* WHAT THIS TASK INVOLVES
Copy out each line of the data that includes the string "going".

== THE RECORDS

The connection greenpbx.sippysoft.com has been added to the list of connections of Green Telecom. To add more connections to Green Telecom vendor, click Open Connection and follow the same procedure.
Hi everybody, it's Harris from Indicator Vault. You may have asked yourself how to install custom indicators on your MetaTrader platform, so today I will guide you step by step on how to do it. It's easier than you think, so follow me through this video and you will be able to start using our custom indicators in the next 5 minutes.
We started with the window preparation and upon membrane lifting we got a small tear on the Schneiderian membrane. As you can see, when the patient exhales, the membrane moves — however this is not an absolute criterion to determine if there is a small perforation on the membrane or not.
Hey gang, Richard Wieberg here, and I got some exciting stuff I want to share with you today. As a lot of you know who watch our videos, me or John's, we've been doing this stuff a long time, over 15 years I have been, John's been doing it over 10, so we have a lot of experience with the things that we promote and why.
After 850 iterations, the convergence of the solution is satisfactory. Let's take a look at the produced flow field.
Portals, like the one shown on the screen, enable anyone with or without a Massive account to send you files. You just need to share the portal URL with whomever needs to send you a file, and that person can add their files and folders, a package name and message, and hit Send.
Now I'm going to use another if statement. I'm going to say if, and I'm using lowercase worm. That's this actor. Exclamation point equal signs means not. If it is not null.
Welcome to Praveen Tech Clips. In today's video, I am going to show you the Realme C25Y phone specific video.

====
== THE RECORDS

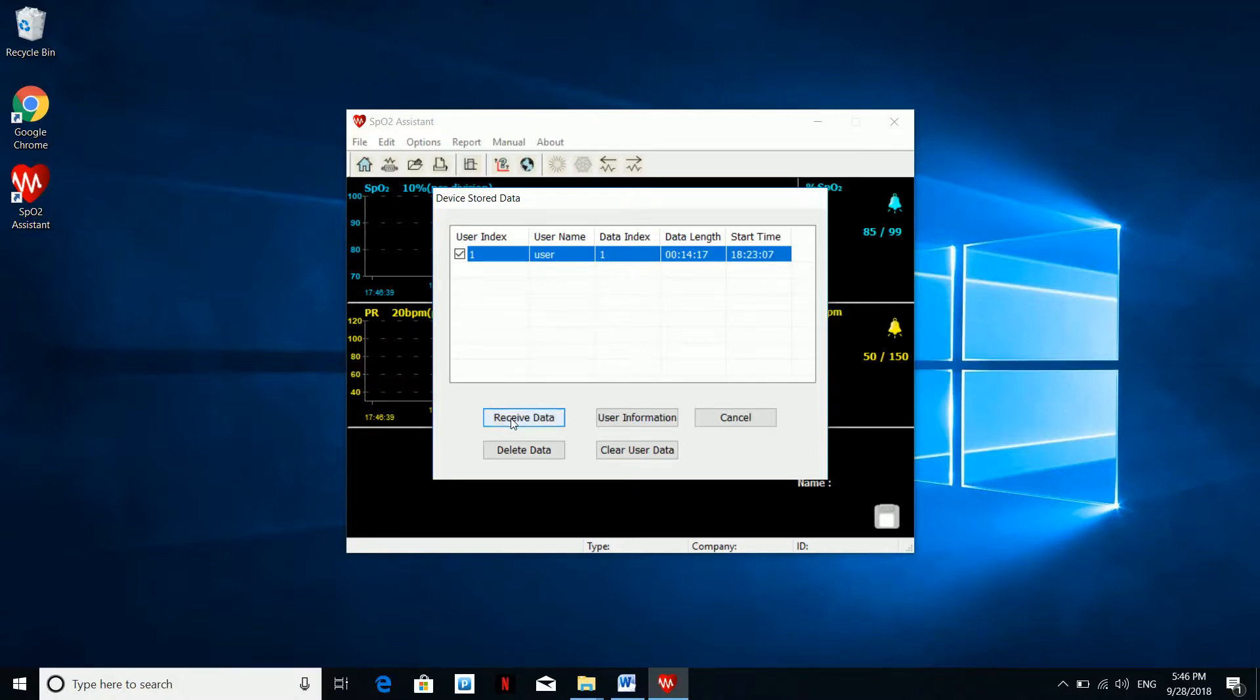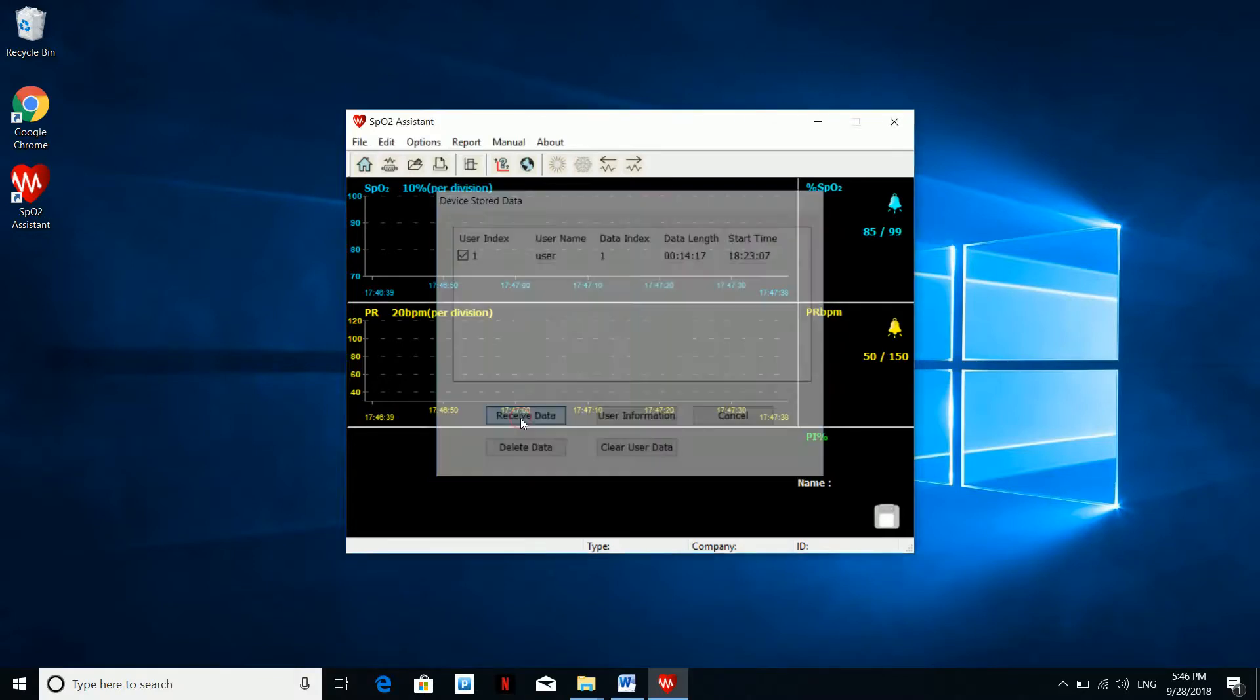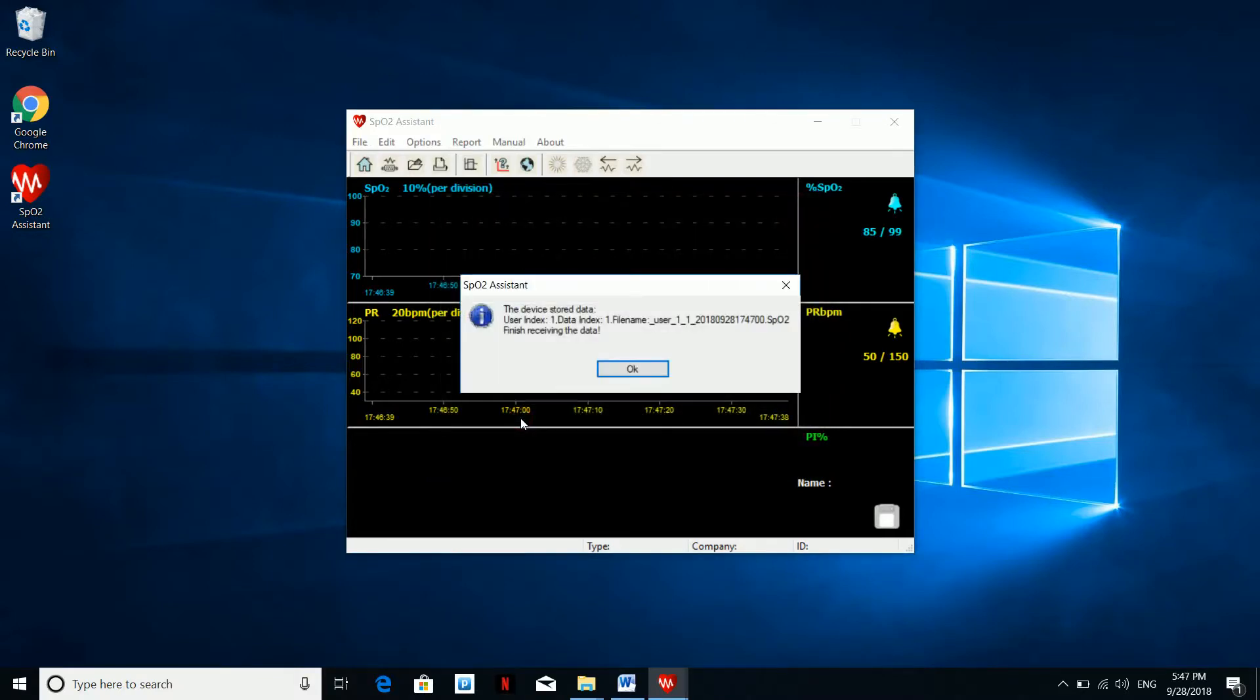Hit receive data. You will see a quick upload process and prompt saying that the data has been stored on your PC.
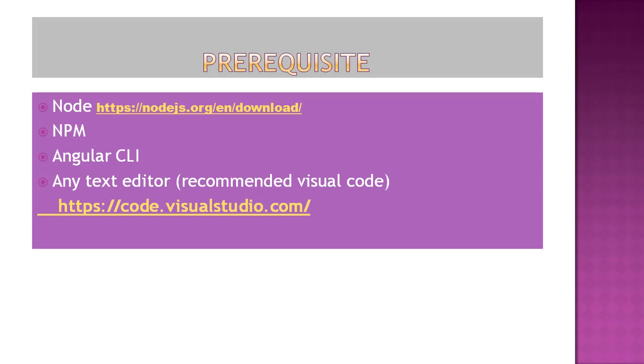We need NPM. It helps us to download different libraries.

====

* SOLUTION TO THIS TASK
Now I'm going to use another if statement. I'm going to say if, and I'm using lowercase worm. That's this actor. Exclamation point equal signs means not. If it is not null.
Welcome to Praveen Tech Clips. In today's video, I am going to show you the Realme C25Y phone specific video.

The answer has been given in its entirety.